Maki counsels students who have been raped – but more than 90 percent, she said, don’t come forward.
“It can be months, even years before sexual assault victims come forward,” said Maki. “They’re afraid to seek help, or they’re embarrassed or ashamed. Sometimes they think they can handle it on their own.”
Maki and her assistant, Laura Jones, are helping to organize the annual “Take Back the Night” rally and march to bring awareness to the crisis of sexual assault and the help available to its victims. The rally begins at 7 p.m. tonight in the Martha Street Auditorium in the Culp Center, where a survivor will speak about an experience with sexual assault.
The ETSU Women’s Choir will sing, and Dr. Wayne Andrews will give a statement of support. After the rally, participants will march around campus with candles and flashlights to “light up the night.”

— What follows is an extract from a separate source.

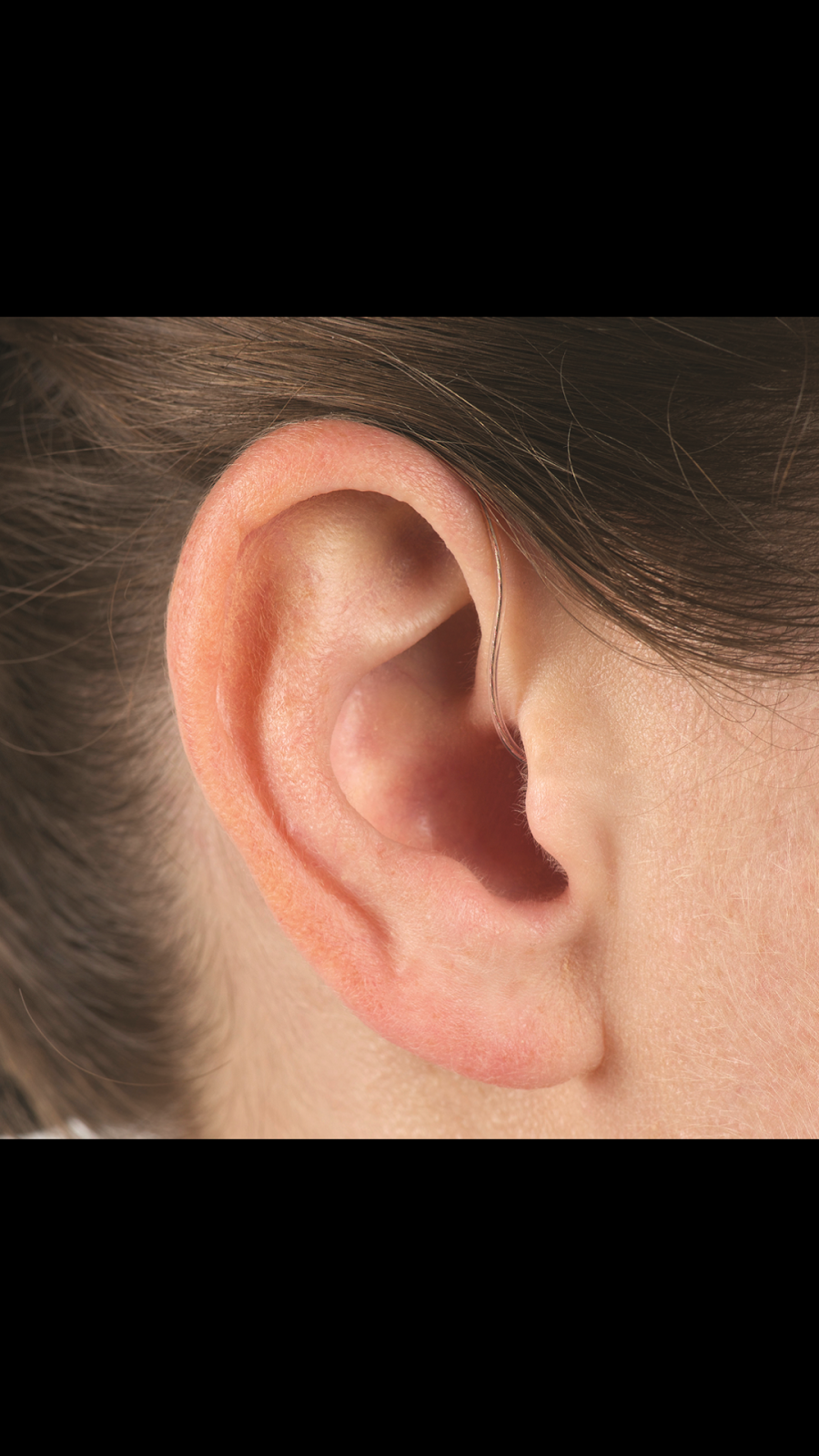 Harmonic Hearing | Inside Appletree Medical, 545 Steeles Ave W, Brampton, ON L6Y 4W5, Canada | Phone: (647) 202-0373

One reason the rally is so important, Bushore-Maki said, is because it lets victims know there is someone out there who can help. “Sexual assault is often cloaked in secrecy,” she said. “The message is ‘Don’t tell anybody. It’s not OK.'”
And since nearly 80 percent of victims know their attackers, it can often be even daunting for victims to come forward. For instance, a victim may be reluctant to speak out against rape by a boyfriend or a date. In a circumstance like this, a victim may have difficulty proving her case, as well.
“The way our legal system is currently structured, victims are often put on trial along with their attacker,” said Bushore-Maki. “As it is, only 10 percent of rapes are even reported. Of that number, only a small percentage of attackers are actually prosecuted. Those aren’t very good odds.”
Also, due to the increase of date rape drugs, women (and men) are being victimized more frequently than before.
Bushore-Maki noted that victims are increasingly drinking spiked drinks, or even being encouraged to drink excessively by their attacker(s), so that they are physically unable to fight back or even say ‘no.’ “I think we’ve reached a new low,” she said.
For her part, Bushore-Maki may not be as busy as she could be, but she’s trying to get the word out. “All of us have a role to play,” she said. “You know that saying ‘Silence is the voice of complicity?’ Well, that’s true in this case. Men have more power in this society to tell other men that hateful comments and actions against women are not OK.